== Problem to solve ==
Print out the records in full, keeping each word unchanged.

== Source records ==
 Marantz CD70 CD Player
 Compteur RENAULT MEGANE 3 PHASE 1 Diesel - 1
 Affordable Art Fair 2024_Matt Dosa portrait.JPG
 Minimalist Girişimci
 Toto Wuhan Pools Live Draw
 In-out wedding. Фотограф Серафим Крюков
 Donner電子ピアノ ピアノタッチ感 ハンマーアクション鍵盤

== Result of the task ==
 Marantz CD70 CD Player
 Compteur RENAULT MEGANE 3 PHASE 1 Diesel - 1
 Affordable Art Fair 2024_Matt Dosa portrait.JPG
 Minimalist Girişimci
 Toto Wuhan Pools Live Draw
 In-out wedding. Фотограф Серафим Крюков
 Donner電子ピアノ ピアノタッチ感 ハンマーアクション鍵盤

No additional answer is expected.